Accordingly, it is ORDERED, ADJUDGED and DECREED that:

1. The Default Motion (Doc. 43) is GRANTED. Judgment by default is entered in favor of Plaintiff and against the Hiatt Group.

2. Plaintiff shall have and recover from the Hiatt Group the sum of $453,734.96 (consisting of $211,044.37 under the Franchise Agreement, $175,000.00 Promissory Note and $129,914.00 Promissory Note, minus a $23,404.23 credit owed to the Hiatt Group).

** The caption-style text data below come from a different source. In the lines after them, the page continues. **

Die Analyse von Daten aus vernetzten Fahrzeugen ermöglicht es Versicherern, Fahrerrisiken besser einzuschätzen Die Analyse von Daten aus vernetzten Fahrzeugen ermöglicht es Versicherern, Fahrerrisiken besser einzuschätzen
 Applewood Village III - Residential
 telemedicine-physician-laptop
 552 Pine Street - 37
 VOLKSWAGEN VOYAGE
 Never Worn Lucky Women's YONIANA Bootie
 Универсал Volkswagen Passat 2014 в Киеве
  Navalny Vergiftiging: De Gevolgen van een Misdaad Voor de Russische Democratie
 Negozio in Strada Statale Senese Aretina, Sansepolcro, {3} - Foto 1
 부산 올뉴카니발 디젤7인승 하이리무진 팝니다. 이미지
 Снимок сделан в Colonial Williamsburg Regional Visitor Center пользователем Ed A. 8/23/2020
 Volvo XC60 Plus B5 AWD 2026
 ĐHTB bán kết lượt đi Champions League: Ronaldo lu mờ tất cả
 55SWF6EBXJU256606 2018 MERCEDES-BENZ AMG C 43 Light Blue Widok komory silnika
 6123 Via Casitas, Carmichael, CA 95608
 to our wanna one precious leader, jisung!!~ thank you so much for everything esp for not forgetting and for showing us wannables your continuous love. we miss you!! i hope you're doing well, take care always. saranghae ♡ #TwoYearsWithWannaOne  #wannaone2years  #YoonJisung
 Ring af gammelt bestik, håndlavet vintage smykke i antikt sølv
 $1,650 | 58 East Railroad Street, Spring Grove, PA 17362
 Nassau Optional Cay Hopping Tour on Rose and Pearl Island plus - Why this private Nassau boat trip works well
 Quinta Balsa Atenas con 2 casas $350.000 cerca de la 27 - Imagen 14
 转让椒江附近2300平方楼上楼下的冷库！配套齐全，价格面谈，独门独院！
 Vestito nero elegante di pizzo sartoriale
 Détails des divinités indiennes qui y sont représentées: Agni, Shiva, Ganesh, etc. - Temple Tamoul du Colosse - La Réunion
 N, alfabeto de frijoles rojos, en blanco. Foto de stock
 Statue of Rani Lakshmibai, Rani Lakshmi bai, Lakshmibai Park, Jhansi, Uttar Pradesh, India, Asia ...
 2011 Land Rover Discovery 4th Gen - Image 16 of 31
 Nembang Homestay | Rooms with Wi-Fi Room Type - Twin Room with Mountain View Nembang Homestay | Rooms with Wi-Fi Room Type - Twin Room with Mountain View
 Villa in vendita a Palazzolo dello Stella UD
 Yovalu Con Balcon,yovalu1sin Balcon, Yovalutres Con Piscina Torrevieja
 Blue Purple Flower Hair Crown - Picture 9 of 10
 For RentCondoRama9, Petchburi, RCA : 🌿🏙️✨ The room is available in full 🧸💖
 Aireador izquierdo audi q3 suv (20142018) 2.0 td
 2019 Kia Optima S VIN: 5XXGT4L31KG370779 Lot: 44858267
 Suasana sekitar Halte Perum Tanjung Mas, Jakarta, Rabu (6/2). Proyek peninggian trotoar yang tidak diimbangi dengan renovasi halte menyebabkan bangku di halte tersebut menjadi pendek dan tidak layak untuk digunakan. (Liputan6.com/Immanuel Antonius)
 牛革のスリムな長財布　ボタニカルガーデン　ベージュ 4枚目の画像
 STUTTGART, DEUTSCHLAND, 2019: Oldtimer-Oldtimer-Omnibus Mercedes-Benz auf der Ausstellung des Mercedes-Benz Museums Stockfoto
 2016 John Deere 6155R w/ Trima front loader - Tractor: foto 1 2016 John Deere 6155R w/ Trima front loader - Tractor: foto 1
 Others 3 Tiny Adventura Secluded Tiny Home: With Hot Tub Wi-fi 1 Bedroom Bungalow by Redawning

The Hiatt Group is entitled to the credit under the terms of the Franchise Agreement. Specifically, following the termination of Defendants' franchise, and as permitted under the Franchise Agreement, Plaintiff assumed certain of the Hiatt Group's operations and collected customer accounts, which pertained to mailings made prior to the Hiatt Group's termination. Plaintiff collected $26,004.70 in customer accounts, paying a commission of 10% to persons undertaking the collection, for a net total received by Plaintiff of $23,404.23.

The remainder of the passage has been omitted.